C'est Clinton cependant qui a prononcé la ligne la plus révélatrice – et du coup la plus effrayante – en invoquant les attaques terroristes du 11 septembre 2001 et en déclarant en conclusion qu'«il est temps de revenir à l'esprit de ces jours-là, l'esprit du 12 septembre».

Or c'est justement dans cet «esprit du 12 septembre» que Washington a lancé, sur la base de mensonges, la guerre d'agression illégale contre l'Irak. C'est également dans ce même «esprit» qu'a été adopté le Patriot Act, qu'a été ouvert le camp de prisonniers de Guantanamo, qu'a été mis en place le réseau des centres de torture des «sites noirs» à travers le monde et que le Président s'est arrogé le droit de détenir indéfiniment toute personne sans accusation ou procès, y compris des citoyens américains.
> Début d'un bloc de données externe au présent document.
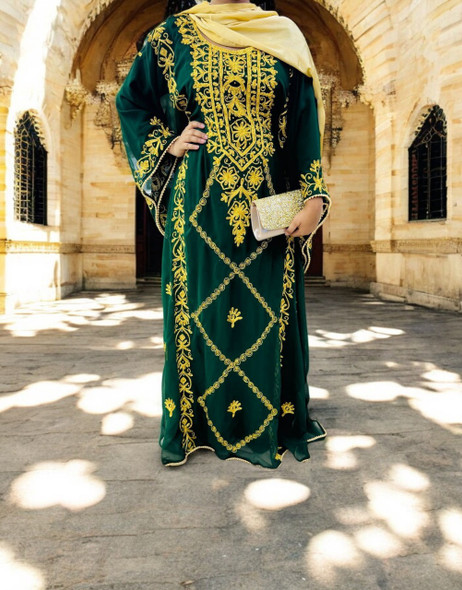 Gown Beaded Embroidery Navy / Emerald  / Aqua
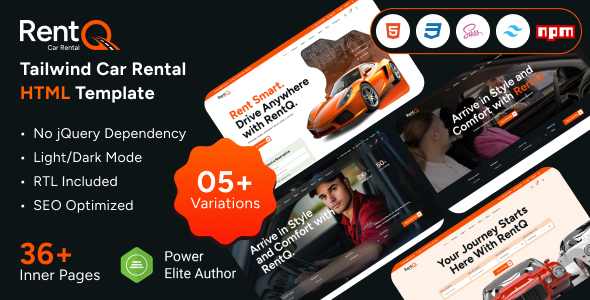 RentQ - Tailwind Car Rental HTML Template by EnvyTheme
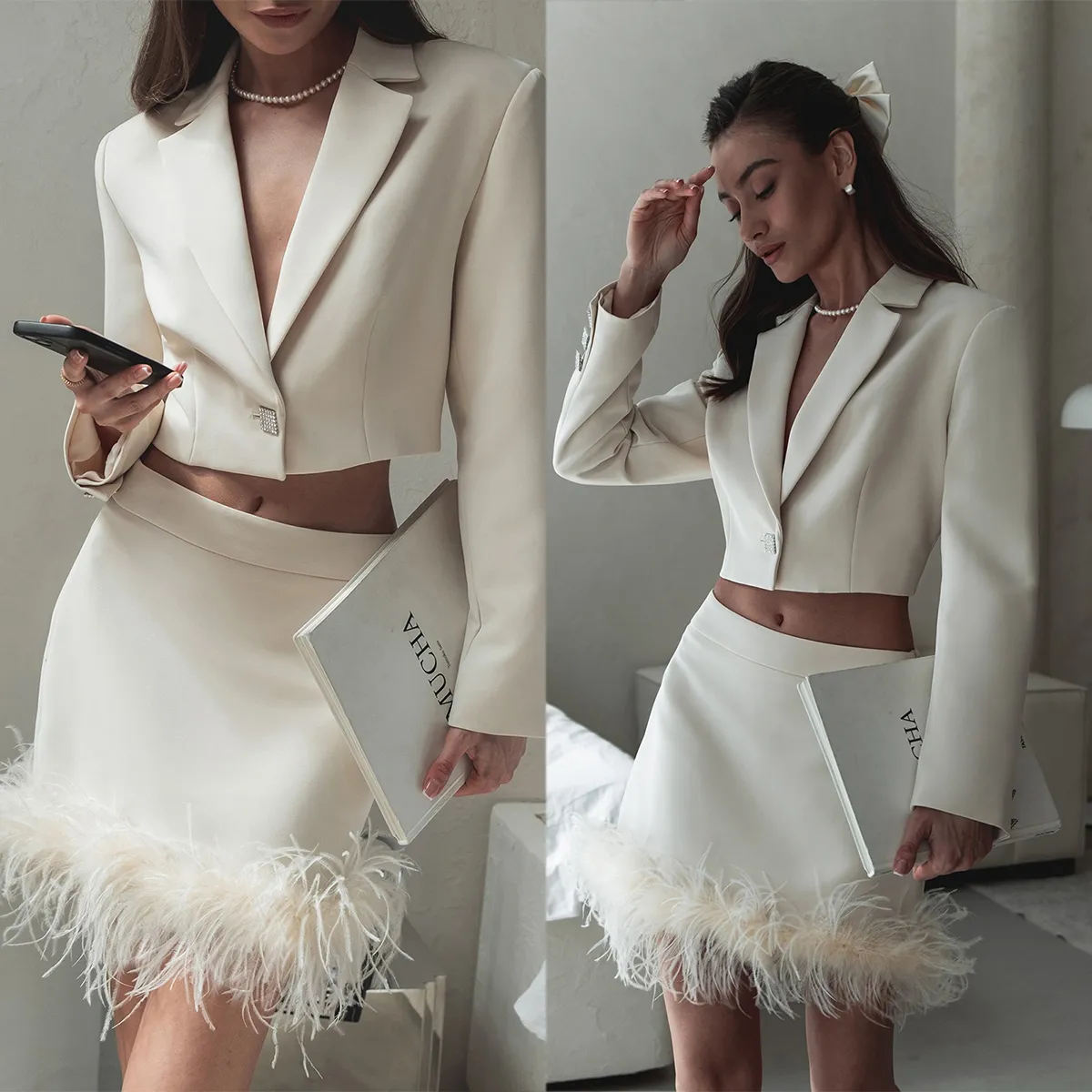 Save Big on Bulk Ostrich Feather Skirt Dress Ostrich Feather Blazer Skirt  Set Women's Slim Fit Piece Suit For Wedding Guest, Fashion Show Best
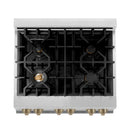 ZLINE 30 in. Autograph Edition Kitchen Package with Stainless Steel Dual Fuel Range and Range Hood with Champagne Bronze Accents (3AKP-RARHDWM30-CB) - MyBBQDirect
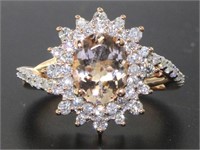 14kt Rose Gold 2.15 ct Morganite & Diamond Ring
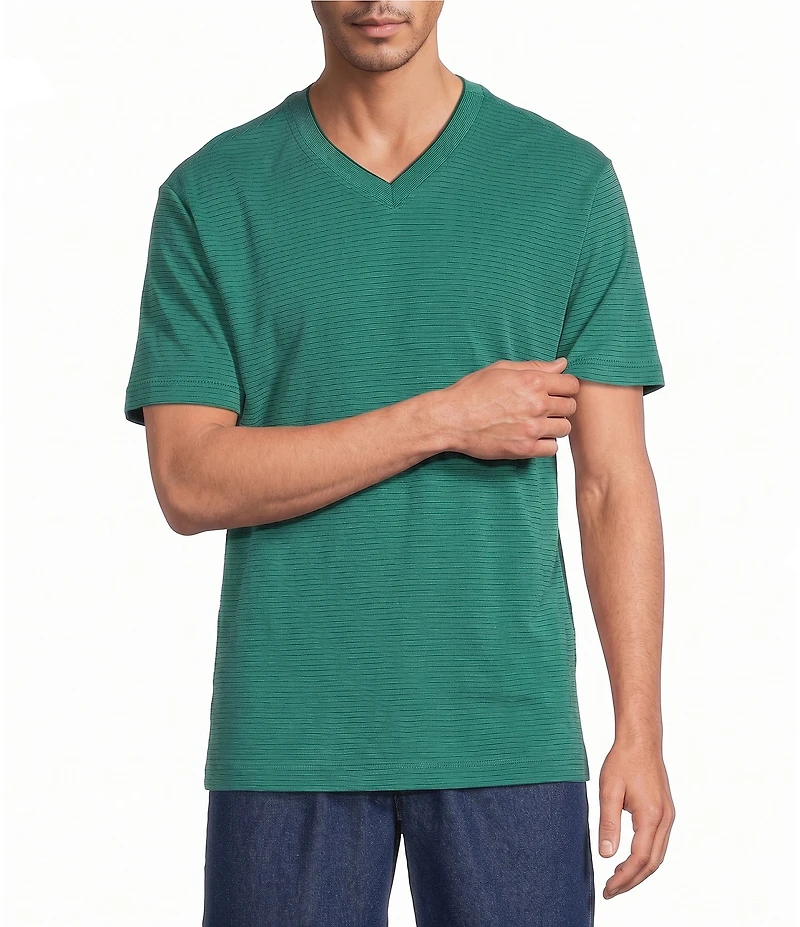 Roundtree & Yorke Short Sleeve Striped V-Neck Knit Shirt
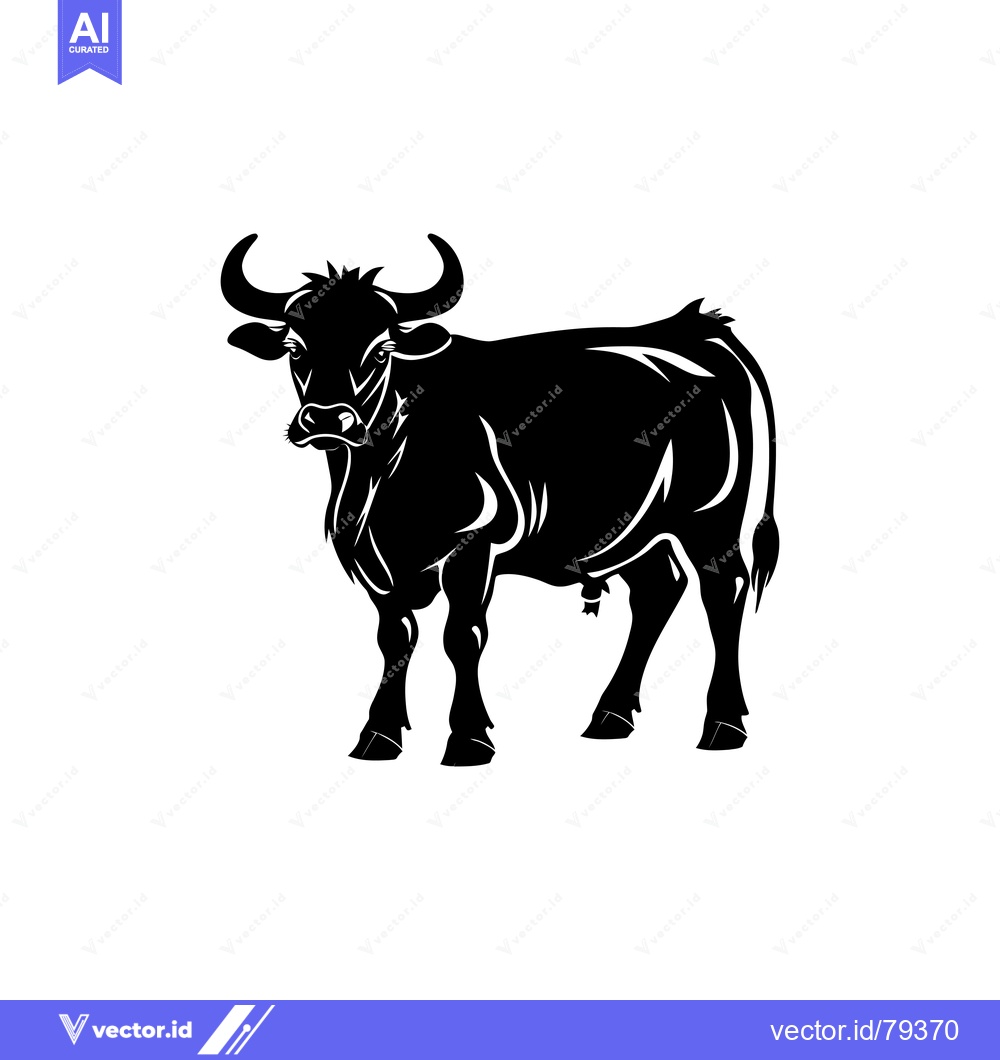 Premium Vector dari Black and White Silhouette of a Bull
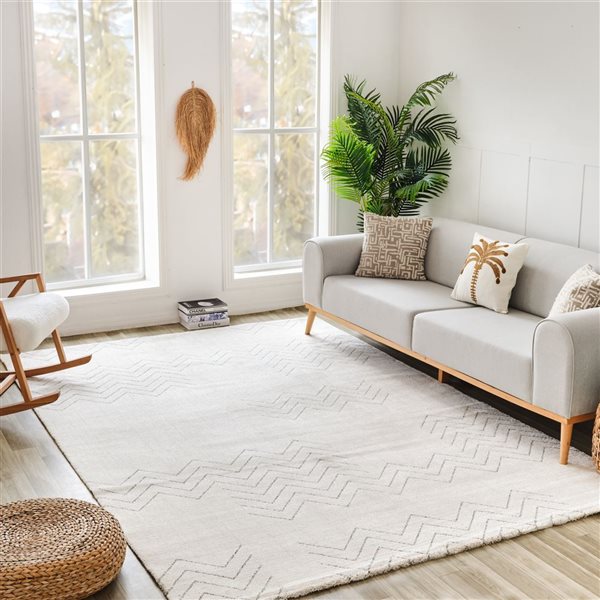 Rug Branch Casa 6 x 9-ft Beige Cream Modern Abstract Zigzag Pattern Indoor Area Rug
Clinton a soutenu à l'époque toutes ces mesures et veut maintenant récupérer les 49 morts d'Orlando pour justifier rétroactivement ses propres crimes politiques qui ont entrainé des millions de morts, de blessés et de réfugiés.

Dans la mesure où Clinton affirme qu'il y a un lien direct entre le tireur d'Orlando et le «génocide» perpétré par l'État islamique au Moyen-Orient – une affirmation qui est très discutable – il est nécessaire de souligner son rôle dans l'émergence de l'État islamique suite à la dévastation sociale et aux conflits sectaires fomentés par l'impérialisme américain, de même qu'à son soutien actif et enthousiaste pour les interventions militaires en Afghanistan, en Irak, en Libye et en Syrie.

Les travailleurs et la jeunesse aux États-Unis doivent prendre la réaction bipartisane face aux terribles événements d'Orlando comme un sérieux avertissement de ce qui est en cours de préparation, peu importe le parti qui remportera l'élection en novembre.